DATASET SECTION.
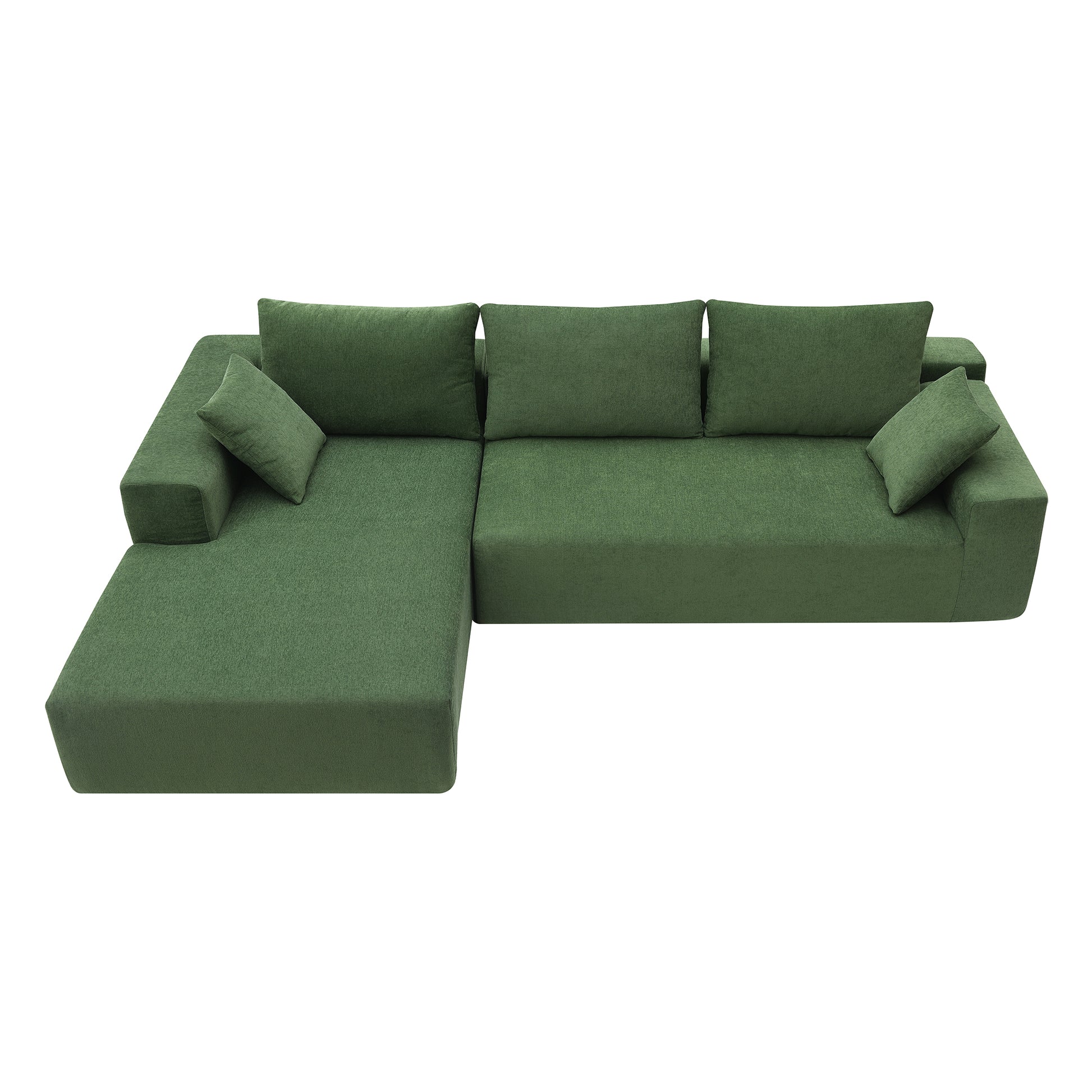 Deep green fabric sectional sofa with plush cushions and a chaise lounge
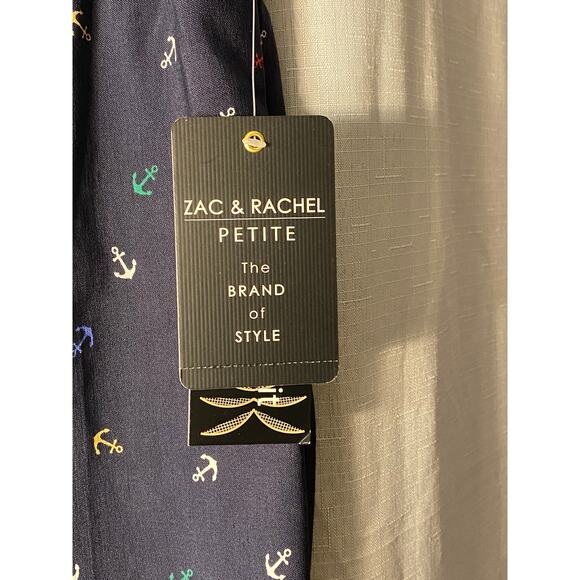 Zac & Rachel women’s dk blue with multi colored anchors crop pants size 6P - Picture 3 of 13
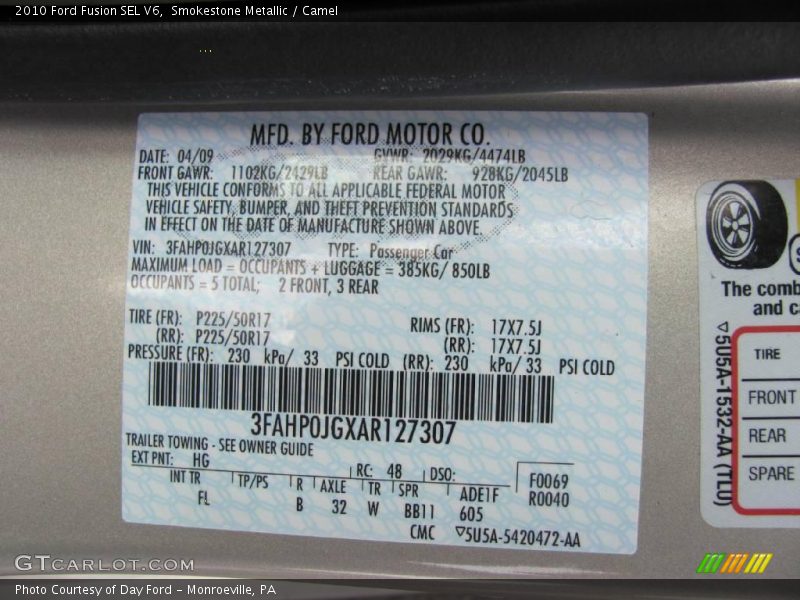 Smokestone Metallic / Camel 2010 Ford Fusion SEL V6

ASSIGNMENT. Set down the whole listing word for word, omitting the pictures.

OUTPUT OF THE TASK.
 Deep green fabric sectional sofa with plush cushions and a chaise lounge
 Zac & Rachel women’s dk blue with multi colored anchors crop pants size 6P - Picture 3 of 13
 Smokestone Metallic / Camel 2010 Ford Fusion SEL V6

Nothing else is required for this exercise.